Konuşmama başlamadan önce, geçen hafta Rahmetirahman'a kavuşan Hasan Bitmez Vekilimize yüce Rabb'imden rahmet diliyorum, mekânı cennet olsun. Ailesine, yakınlarına, Saadet Partisine, millî görüş camiasına sabır ve başsağlığı diliyorum.
Değerli milletvekilleri, bugün görüşmekte olduğumuz Tarım ve Orman Bakanlığı bütçesi kapsamında Gelecek-Saadet Grubu adına söz almış bulunmaktayım.

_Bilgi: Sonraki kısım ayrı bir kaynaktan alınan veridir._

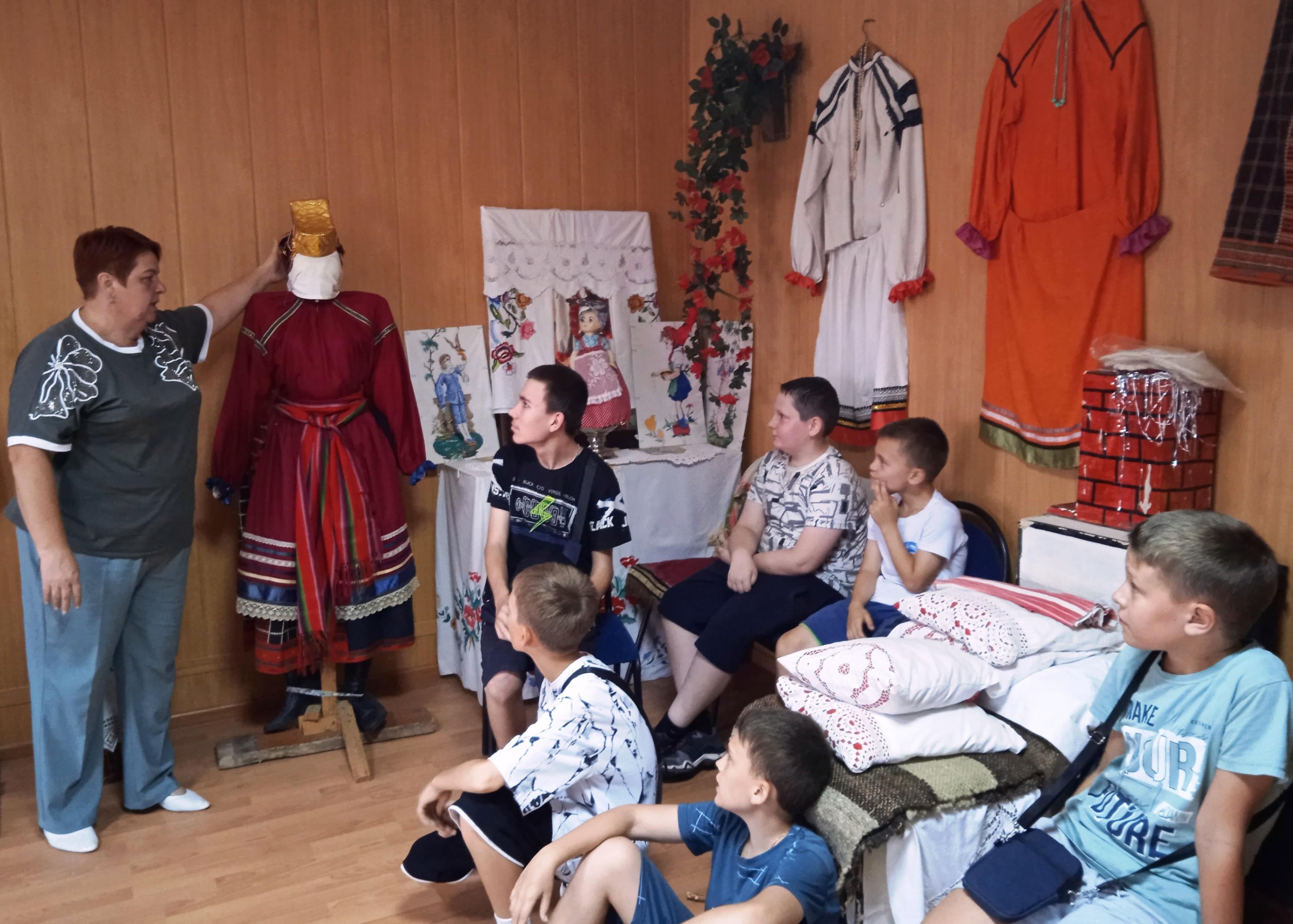 Фольклорный час «Люби и знай обычаи родного края»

Değerli milletvekilleri, gıda güvenliği ve tarım politikaları artık tüm dünyada ulusal güvenlik meselesi olmuştur, gıda uluslararası ilişkilerde stratejik bir unsur hâline gelmiştir. Diğer yandan, artan küresel ısınmaya bağlı olarak dünyayı ve tarımı tehdit eden kuraklık riski ülkemizi ve özellikle Konya Ovası'nı ciddi olarak tehdit etmektedir. Konya Ovası, Türkiye'nin en az yağış alan bölgelerinden biridir. Konya Ovası, kuraklığa bağlı olarak maalesef hızla çölleşmektedir. Yer altı suları yerin derinliklerine doğru çekilmektedir. Beyşehir Gölü, Tuz, Gölü, Seydişehir Suğla Gölü, Meke Gölü ve irili ufaklı birçok gölümüz ya tamamen kurumuş ya da hızla kurumaktadır.

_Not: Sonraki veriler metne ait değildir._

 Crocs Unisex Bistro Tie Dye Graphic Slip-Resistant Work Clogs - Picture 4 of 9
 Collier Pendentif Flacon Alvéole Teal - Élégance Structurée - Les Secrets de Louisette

Karapınar'da artan obruklar yakın gelecekte maalesef Konya şehir merkezinde de görülmeye başlanacaktır. İrili ufaklı yüzlerce obruk oluşmuştur; ovada su olmadığı için kırsaldan şehre göç de artmaktadır. Konya Ovası'nın susuzluğuna çare olmak amacıyla başlanan Konya Ovası Projesi, kısa adıyla KOP, Konya'mızın ve Türkiye'nin yüz yıllık rüyasıdır. Konya Ovası'nın sulanması çabaları ilk olarak Osmanlı Sultanı II. Abdülhamit döneminde başlamıştır. KOP, sadece bir Konya projesi değil, bir Türkiye projesi, bir dünya projesidir. KOP'la sadece Konya değil, 6 tane il sulu tarıma geçecektir. Ülkemizin gıda güvenliği ve gıdada kendi kendine yeterliliği KOP'la sağlanacaktır.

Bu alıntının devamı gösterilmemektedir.